Nowadays there are many different ways to publish a book. Some are obvious, others are not.
The old, traditional way is to write your book, find a friendly agent, which could take any time from today to never. Your agent will then find you a publisher and you, the writer can sit back and get on with writing your next book. Translations, films, etc appear as if by magic.
The second way is to self-publish. Originally this cost you a lot of money and was called Vanity Publishing. Proper publishers and readers alike looked down on you.
It still costs a lot of money, but you have more control over the process. It also takes a lot of time and effort, that you would prefer to spend on writing. This is the route that I am attempting to navigate.
There is a third way, a very different way. It doesn’t cost you anything, apart from time – a very long time.

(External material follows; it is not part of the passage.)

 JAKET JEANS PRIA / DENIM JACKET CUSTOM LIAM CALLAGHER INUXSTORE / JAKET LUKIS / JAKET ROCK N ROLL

You start it by leaving school, about the age of 16. You start work at a local site run by the Post Office (then part of the Civil Service) as an apprentice. You work your way up the ranks until you retire as Station Manager. You are interested in history, over the years you have collected pictures and information about your place of work. You continue to research, visit the National Archives, Post Office Archives and BT Archives. (Because your government-owned company has been privatised over the years.) Shortly after your retirement, the site is closed, developers move in to build thousands of houses.

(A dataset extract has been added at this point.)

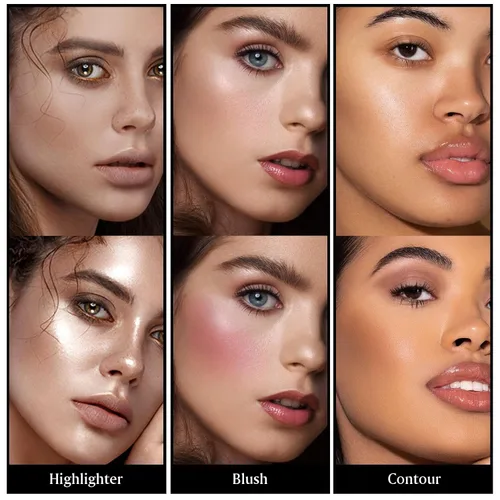 Vista 8 de Kit de contorno en crema de 3 piezas, rubor crema, iluminador, bronceador de contorno para mejillas, impermeable, de larga duración, mezclable, trío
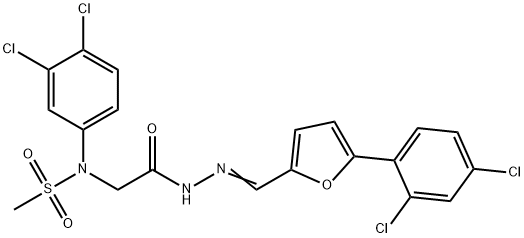 N-(3,4-dichlorophenyl)-N-[2-(2-{[5-(2,4-dichlorophenyl)-2-furyl]methylene}hydrazino)-2-oxoethyl]methanesulfonamide Structure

You don’t want the history to be lost. You offer your services as unofficial historian. You give talks, you suggest names for roads. You are invited to the opening of a new gallery at the Science Museum and find that the Queen gives a speech, and sends her first tweet, in front of equipment from “your” site.
A vital component of this process is to be cursed with a nagging wife, who continually asks when you are going to build a website or write a book. You write a book, but just for your own benefit. You don’t want to be bothered with anything else. The developers want to sell houses, they build a website. They give you space to tell the world about your history. Finally they offer to publish your book. They pay for it to be edited. They pay for it to be printed. You don’t want to be bothered with sales or income tax, all the profits can go to charity.
You can find out about the book here
If you have ever travelled up the M1, close to the junction with the M6 sometime between 1926 and 2007 and noticed the twelve tall masts – or the red lights that shone at night, and wondered what was going on there. Now you can find out.
For anyone else thinking about this method of publication, you need a lot of time – and to have started fifty years ago.
For those of you keeping tabs on my writing total, this week I managed 6,210 words. I have been busy thinking about covers, but I’ll leave that for another time.